Rachel Morgan is the author of the chapbook Honey & Blood, Blood & Honey (Final Thursday Press, 2017), and her work is included in the anthology Fracture: Essays, Poems, and Stories on Fracking in America (Ice Cube Press, 2016). Her work recently appeared or is forthcoming in Crazyhorse, Prairie Schooner, Salt Hill, Bellevue Literary Review, Mid-American Review, Barrow Street, and elsewhere. She is a graduate of the Iowa Writers’ Workshop. She teaches at the University of Northern Iowa and is the poetry editor for the North American Review.
Q: I just finished a writing program, so I’ll start off with a self-interested question. How did you navigate transitioning from being a student at the Iowa Writers’ Workshop into your next life? And do you have any advice for me?
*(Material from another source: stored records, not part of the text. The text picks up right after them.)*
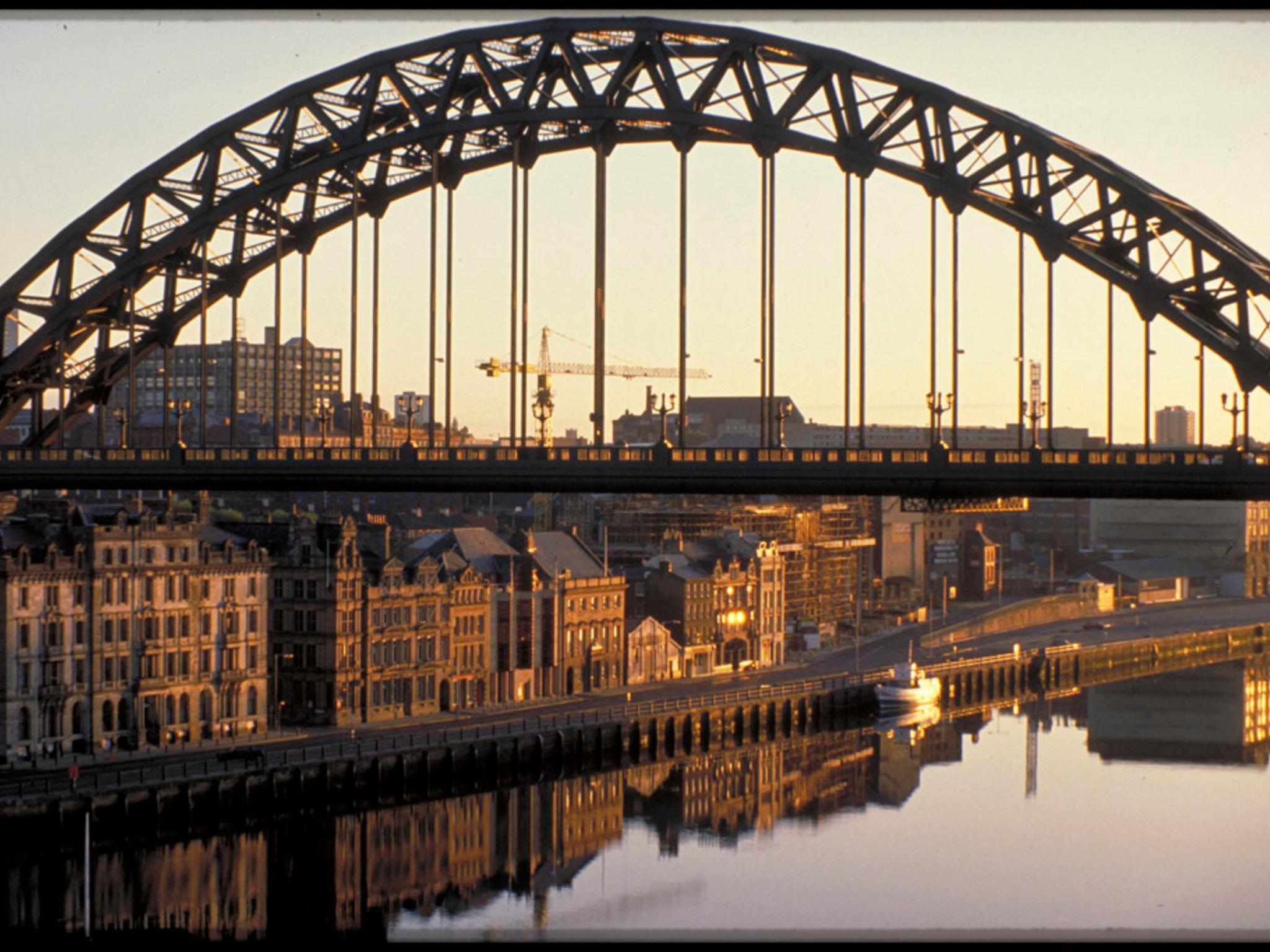 Ibis Centre Portland Street 3*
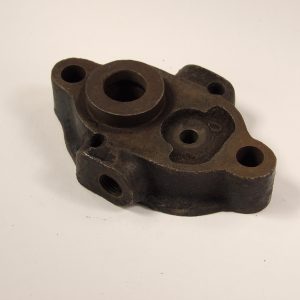 Oil Pump Body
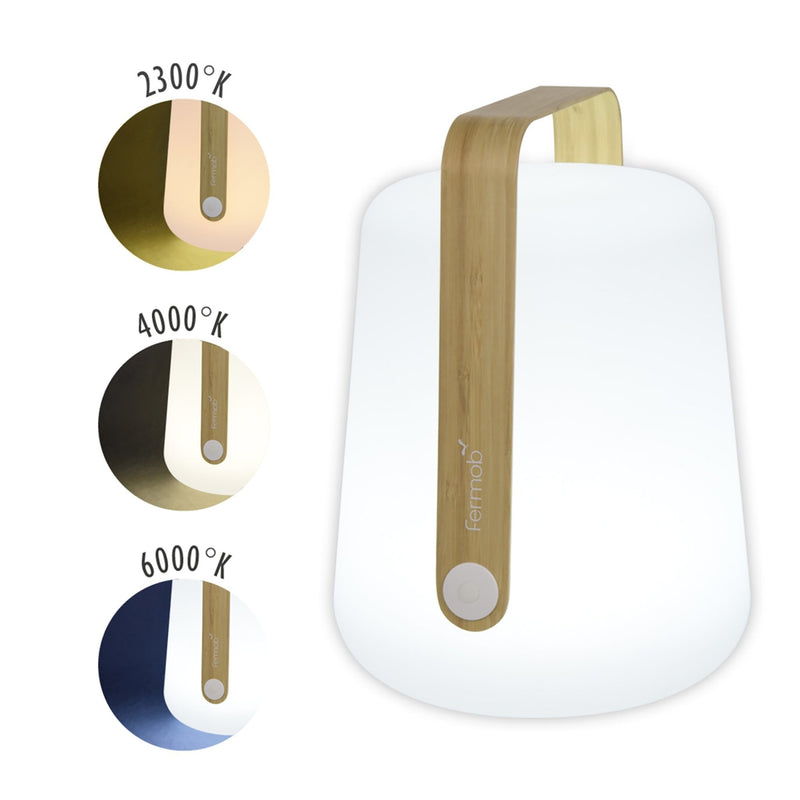Balad Lamp H15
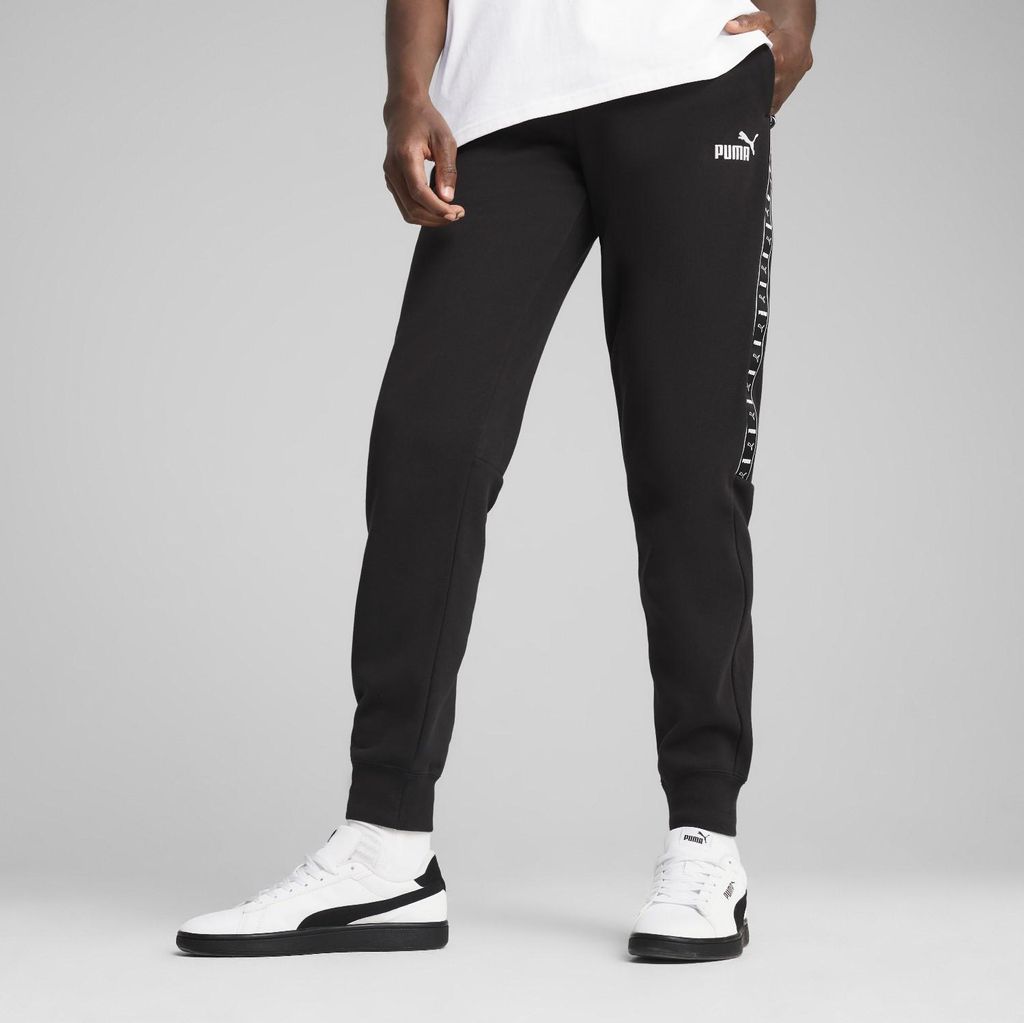Puma ESS Tape Jogginghose Herren Sweatpants, Größe:XL, Produktbild 
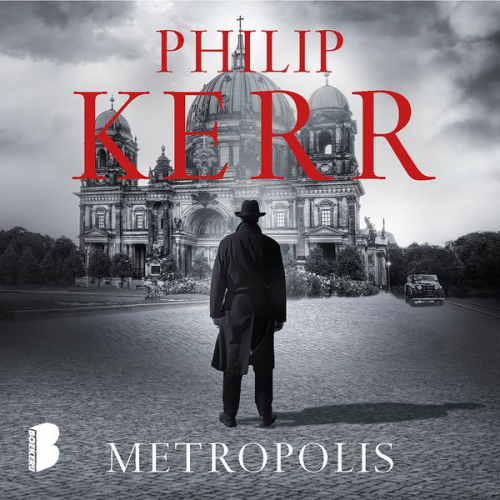 Philip Kerr - Metropolis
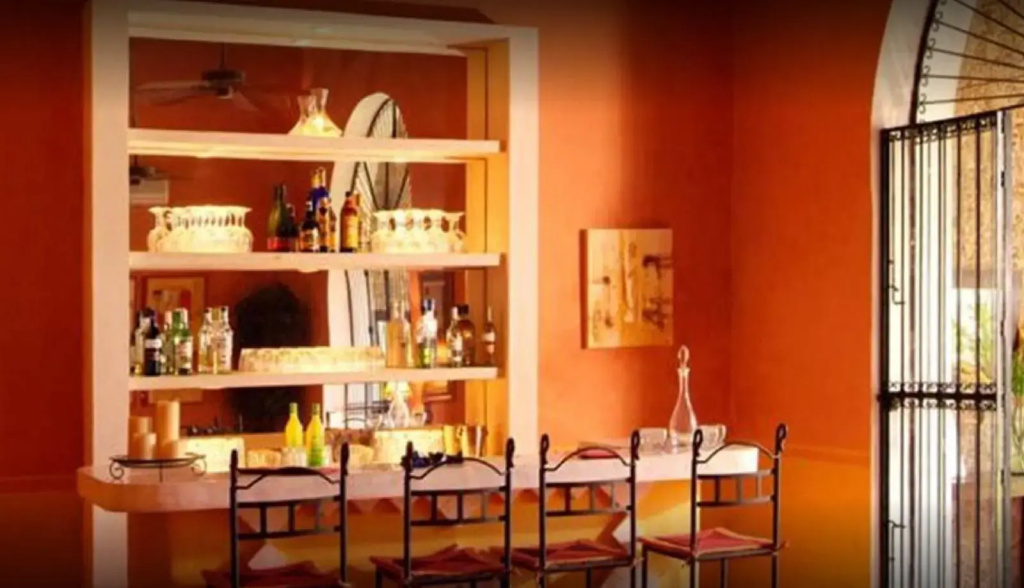 Hotel Hacienda Mérida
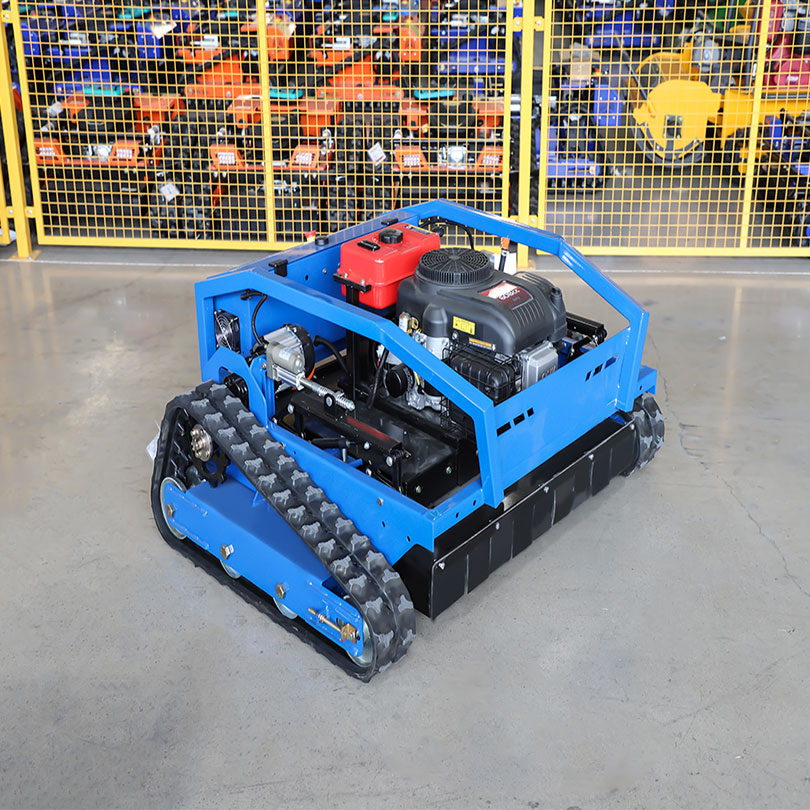 RC1000S dobre kosiarki do trawy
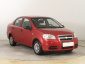 Chevrolet Aveo, 2007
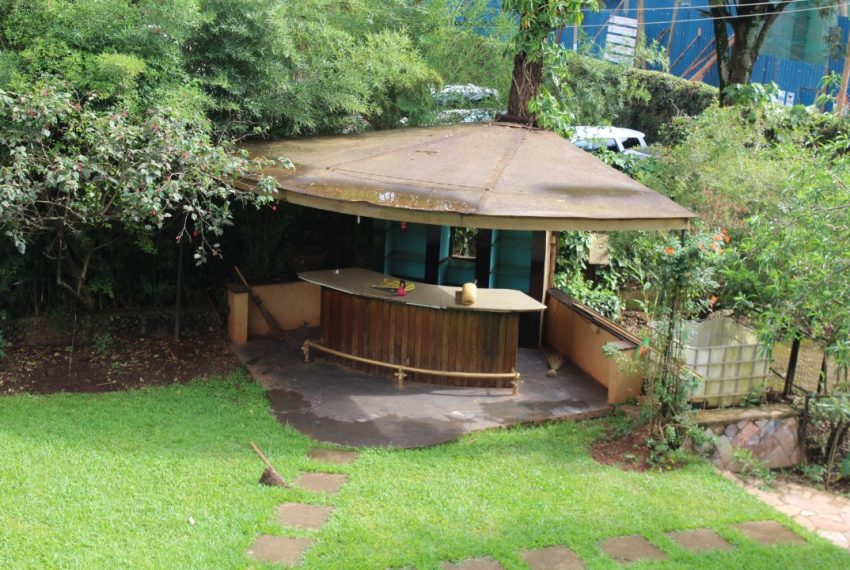 5 Bedrooms House for Sale in Kololo at USD 1.55 Million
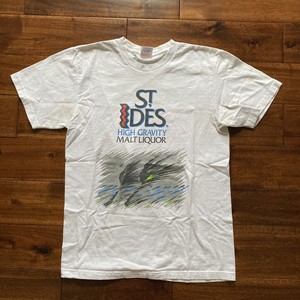 supreme st ides tee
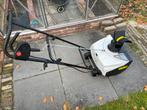 Elektrische sneeuwruimer/ sneeuwveger, Tuin en Terras, Veegmachines, Ophalen, Gebruikt
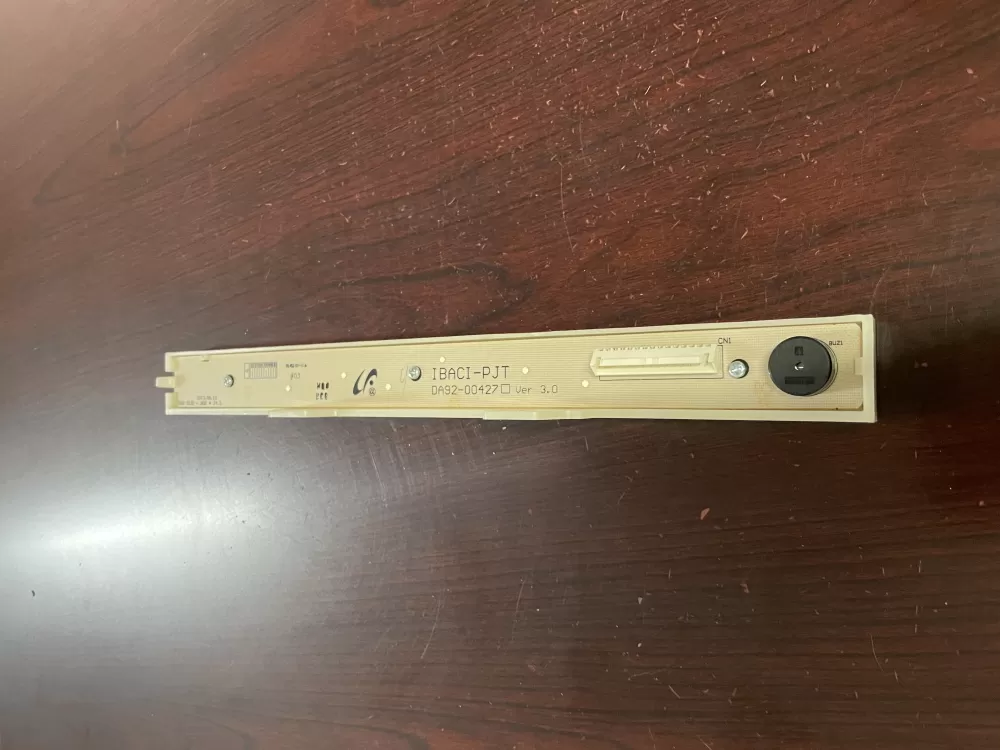 Samsung DA92 00427B Refrigerator Control Board Module AZ93737 | Wm1088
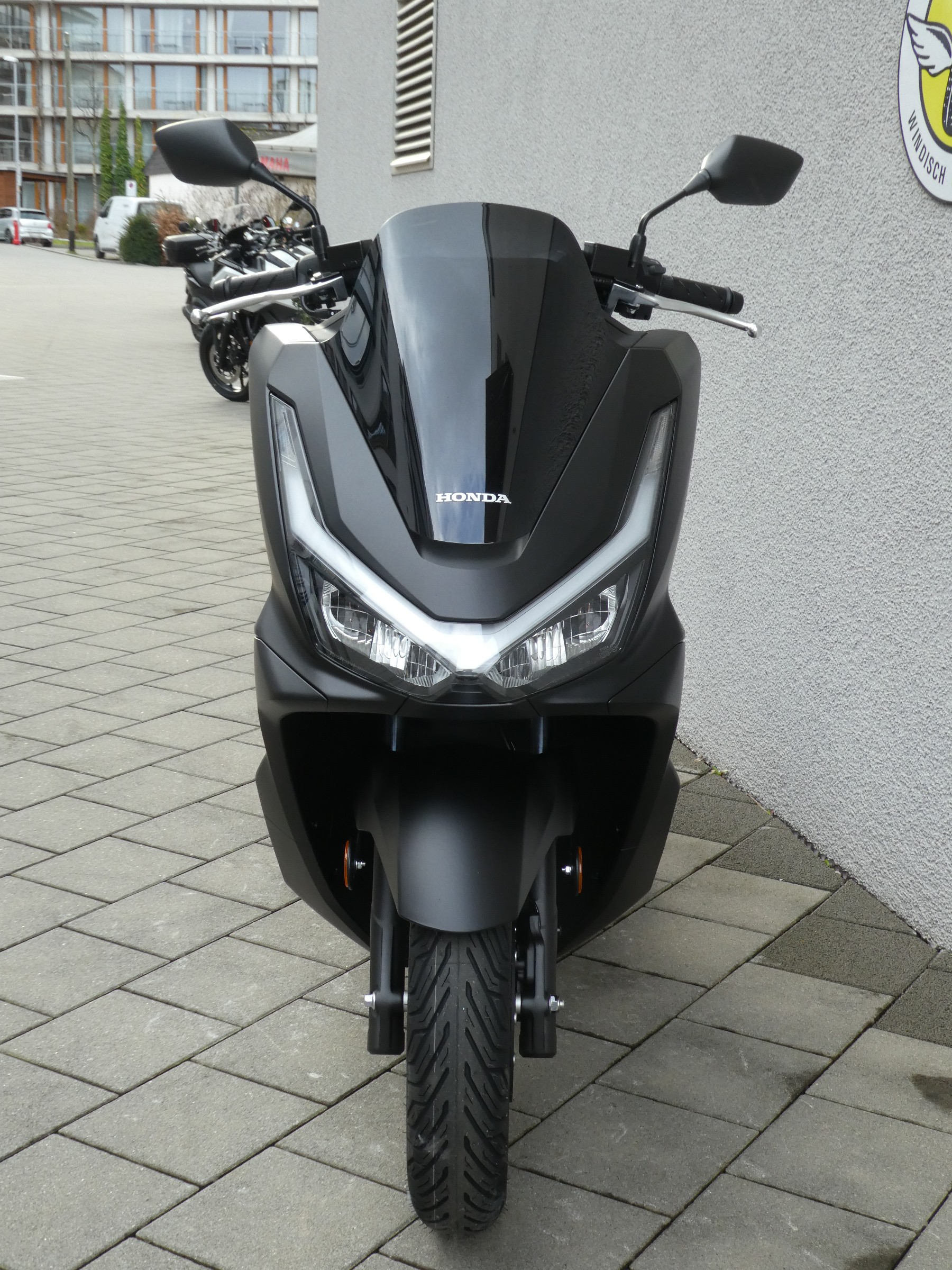 HONDA PCX 125 i ABS DX-showroom-element-2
How did I navigate the transition? Not well—cautiously and slowly. I don’t recommend it. I had a complex, at best, relationship with my MFA experience, and I think many writers experience something similar. Transitioning from MFA to WORLD is hard. The employment opportunities are often contingent or in the nonprofit sector, so the financial struggles are real. Additionally, finding and guarding writing time is complicated. Staying connected to writer friends in the same struggle helped; we could process the difficulties together and read each other’s new work. Meet, even virtually, with a group of writers for workshop on a regular basis. Also read, write, submit, and repeat. No matter how many “no’s” you hear, keep submitting. The right poem will eventually find the right editor and publication.